Tuttavia, al di là dei dieci metri del suo prato, abitavano i Ralston, Ed e Grace, che tutti i fine-settimana si affaccendavano non solo in lavori utili e necessari come tagliare l'erba, dipingere le recinzioni, cimare la siepe – la loro siepe era giovane e bassa, e Ed la teneva perfettamente squadrata –, ma anche in operazioni più impegnative come preparare la malta per costruire muretti che, nel loro caso, non significava solo piazzare un mattone sopra l'altro: Ed aveva scalpellato in forme rettangolari delle pietre beige per realizzare un muricciolo sul lato della strada della sua proprietà. Una parte del garage dei Ralston era adibita a laboratorio e, da lì, per molte ore ogni week-end, arrivava il rumore di un Black&Decker. Ralph immaginava che il suo vicino stesse costruendo mobili, riparando tubi rotti, saldando e facendo cose che lui non si sarebbe mai azzardato a tentare. Eppure Ed Ralston – lui lo sapeva – era solo un venditore di automobili e, molto probabilmente, non aveva nemmeno terminato l'università. Ralph non era in confidenza con i Ralston: si limitavano a scambiarsi un cenno di saluto quando si vedevano.

Fin dal suo primo week-end al cottage, Ralph aveva capito che sarebbe stato invidioso di Ed. Innanzitutto perché aveva una moglie – e una moglie costituisce sempre un grande aiuto in casa. I Ralston possedevano un appartamento a Chicago – glielo avevano raccontato quando si erano conosciuti –, e avevano acquistato la casa di campagna per pochissimi soldi, visto che era soltanto un fienile vuoto. Ed e Grace avevano scalpellato le pietre della facciata e riportato alla luce una bella muratura di antica fattura, avevano messo le finestre, tracciato l'impianto elettrico e installato il riscaldamento con l'aiuto di due amici. Avevano comperato il fienile sei mesi prima che Ralph acquistasse il cottage e, ancora adesso, lavoravano ogni fine-settimana, aggiungendo elementi e apportando migliorie.

Grace Ralston era attiva quanto il marito: sbatteva lo stuoino, metteva ad asciugare la biancheria sullo stenditoio quadrato, lavava i vetri delle finestre...

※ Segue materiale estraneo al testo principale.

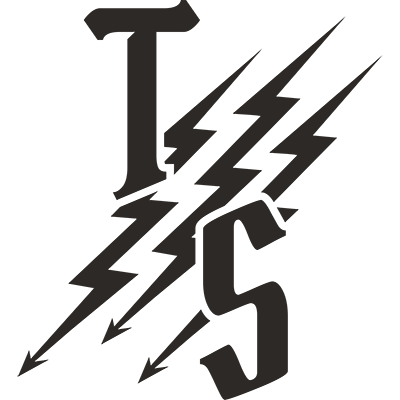 Logo Triple Spear Group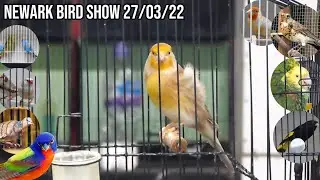 EMBBA Newark Bird Show March 2022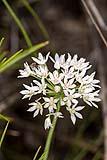 Prairie Onion May 2021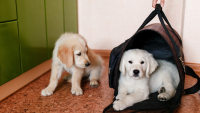 Illustration : "Meilleur sac de transport pour chien"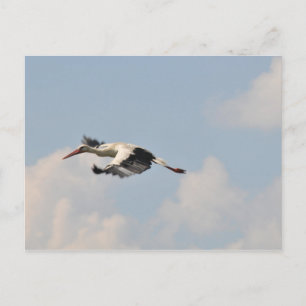 High in the sky postcard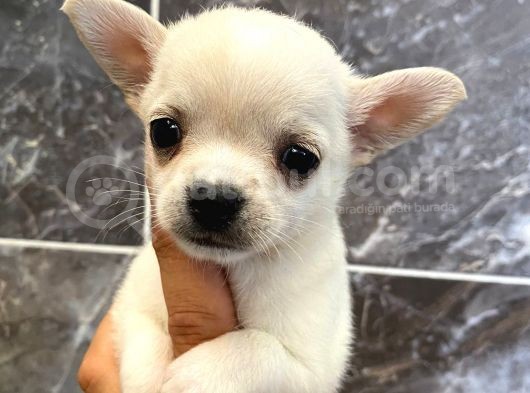 Teacup Şivava Bebeklerimiz görsel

Solo verso le sette di sera, quando Ralph era stanco e desiderava avere qualcuno che lo chiamasse per una cena già pronta, provava pena per se stesso. Per la maggior parte del tempo, si riteneva un uomo fortunato: aveva almeno sei anni di meno di Ed, guadagnava di più e, nonostante l'indubbia abilità di muratore, l'altro era "incastrato" da una moglie sicuramente noiosa e da una figlia di quattro anni che, a parer suo, non sembrava molto intelligente – lui, invece, era libero come il vento, aveva un'amica di ventiquattro anni, disponibile e divertente, che non lo opprimeva con mille pretese. Una tipa castana di nome Jane Eberhart, sposata con un pilota di linea. La maggior parte dei fine-settimana passava la notte al cottage – all'incirca, tre domeniche su quattro. Qualche volta, riuscivano a vedersi anche a Chicago.

Ma le persiane... Ralph aveva dipinto le persiane di tre finestre – in tutto, sei ante – di un colore nero opaco. A causa di altri impegni, aveva effettuato il lavoro in tre riprese, nel corso dei week-end: quando era riuscito a terminare, aveva pensato di dire con nonchalance a Jane: "Ti piacciono le mie persiane? Niente male, vero?"

Glielo chiese un sabato mattina, verso le undici, quando lei arrivò. Ma allorché aprì la terza persiana si accorse di non aver dipinto la parte superiore all'interno. Sembrava una presa in giro. Il contrasto tra il vecchio colore marrone sbiadito e il nero ricordava una barzelletta – e Jane, ovviamente, scoppiò a ridere.

"Ha-ha! Ralphie mio, sei proprio un pasticcione! Molto buffo! Spero che ti sia rimasta un po' di vernice. Ma, a parte questo, sono davvero splendide!" E si avviò verso la porta di casa, elegante nei suoi pantaloni giallo senape e con gli zoccoli alla moda.

Pieno di vergogna e imbarazzato, come se fosse stato su un palcoscenico e qualcosa fosse andato proprio male, Ralph chiuse le imposte in modo che Ed Ralston non potesse vedere il suo pasticcio – in quel momento, naturalmente, Ed era impegnato in qualche lavoro che avrebbe portato a termine in modo ineccepibile. Il suo era un atteggiamento assurdo, si disse Ralph, e sorrise convinto, sebbene nessuno potesse cogliere quel sorriso. Di certo, Ed Ralston non si sarebbe mai dimenticato di dipingere una parte di imposta e, comunque, la moglie l'avrebbe notato e si sarebbe premurata di indicarglielo durante il lavoro.